However, there are certainly question marks over whether OER is as inclusive as it claims to be. Richter and McPherson (2012 p.203) for example state that “most educational courses implicitly require prerequisite knowledge from learners. Which might or might not be equal in different contexts”. This would imply that Open education is only really open to those who already have an educational understanding and not necessarily learners all around the world.
     To reflect on this issue this paper will focus on one element which may be a barrier to OER inclusivity and that is the language used in OER. It will be arguued that the use of acronyms and jargon can be an excluding practice in many professions and using this standpoint as a lens with which to explore the language of OER. As the title of the paper questions; does the language of OER help us to understand what it is about or does not knowing these acronyms or jargon, such as OER itself, exclude us?
     Using some small scale research the paper will start to answer the question: How inclusive is the language of OER? It will then consider what this might mean for future research and guidance in this area.
     This paper will summarise a small scale case study research carried out in this area. This research is a comparison of two examples of OER courses. Both examples are an introductory course into poetry, one from OpenLearn and one from MIT Opencourseware. Selected sections of these resources have been analysed to reveal how much academic jargon and acronyms are used and whether there are common themes between the two courses. Using these findings social networking mediums have then been utilised (Facebook, Twitter, H818 student forums and emails) to circulate a survey to a sample of people, to find out how many people have understood some of the language examples found.
     Reviewing these findings will allow discussion of how inclusive the language of OER is. From these findings recommendations can be made for what developers of OER may wish to consider in the future and also what further research may need to be carried out in this area.


Open University (2014) available at: [online] (last accessed 15th November 2014)

Richter, T and McPherson, M (2012) Open Educational Resources: education for the world? in Distance Education August 2012 vol.33 no.2 p.201-209

Rachel O'Connor
16:27 on 11 January 2015 (Edited 16:27 on 25 January 2015)

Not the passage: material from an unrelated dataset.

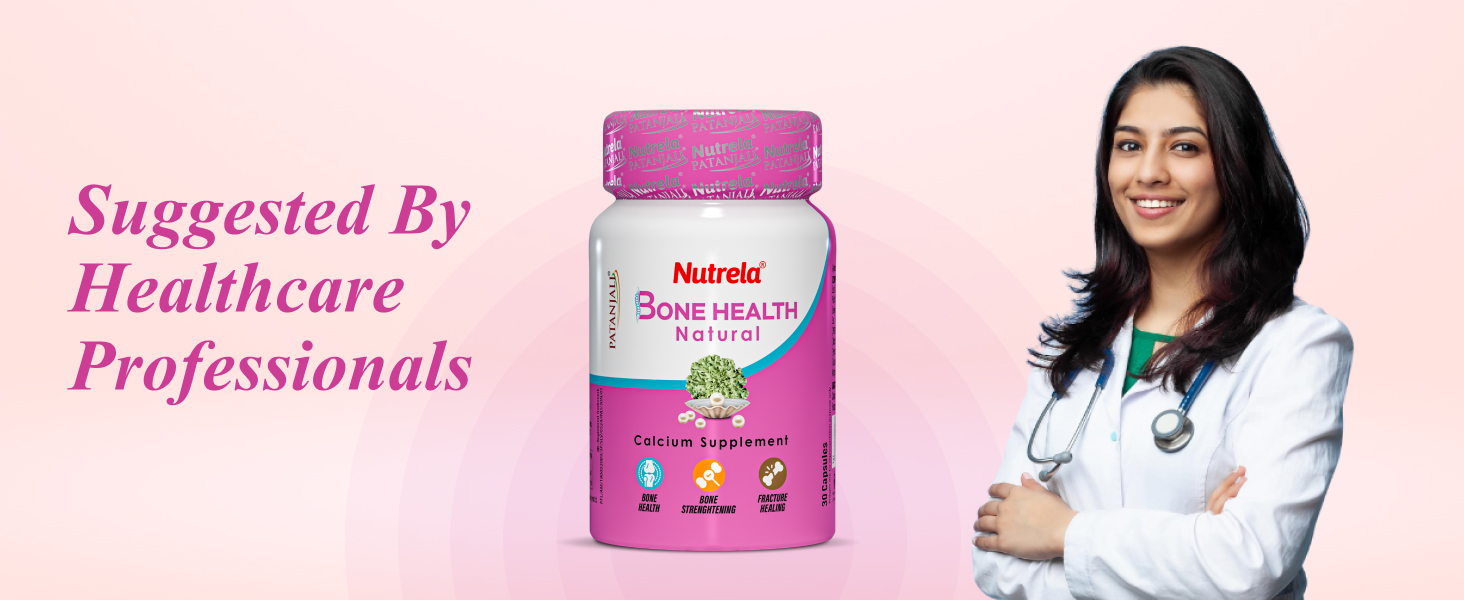 NUTRELA Bone Health Natural Calcium Supplement for Men & Women | Supports Bone Density, Joint Health, and Muscle Strength | Pack of 2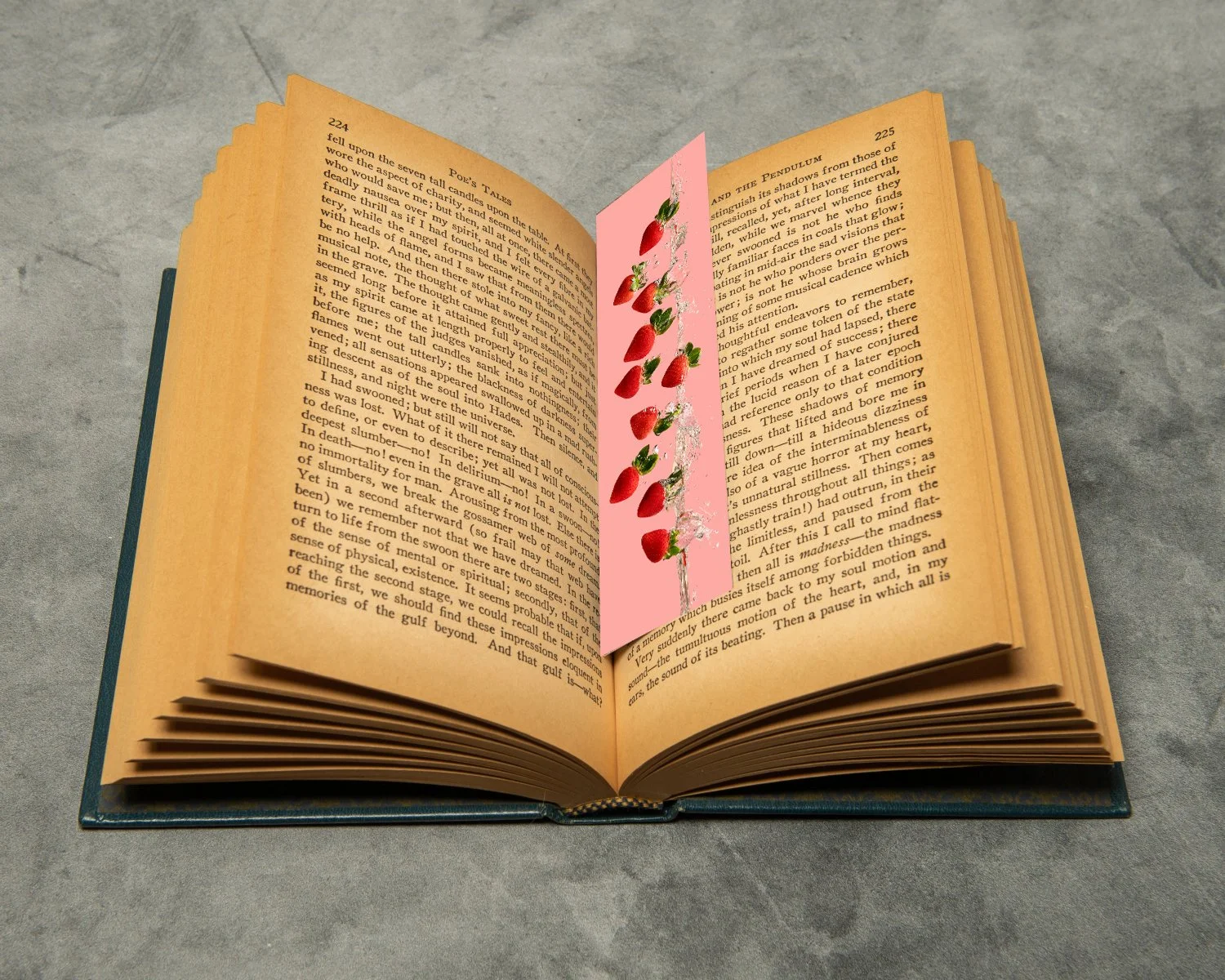 Splash of Strawberries Bookmark in Book.jpg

Transcript for my H818 conference presentation can be found here: Presentation Transcript.docx?dl=0

Rachel O'Connor
18:41 on 3 February 2015

My Powerpoint presentation can be found here: Presentation_RachelOConnor_2.ppt?dl=0

Rachel O'Connor
14:45 on 12 February 2015

Embedded Content

Final TMA02 Poster

Final TMA02 Poster

added by Rachel O'Connor


Sheila Greenwood
3:03pm 13 January 2015

Hi Rachel

I will be tuning into your slot at conference, not least because certain aspects of your topic appears to overlap with mine. It will be interseting to see your take on how cetain language can seek to exclude some.  Richter and MacPherson (2012) are also theorists that I have chosen in part of my presentation to emphasise the point that courses e.g. H818 imply that you bring to them a level of knowledge - the jargon of academic language being my point here because if you do  not know this can exclude learning.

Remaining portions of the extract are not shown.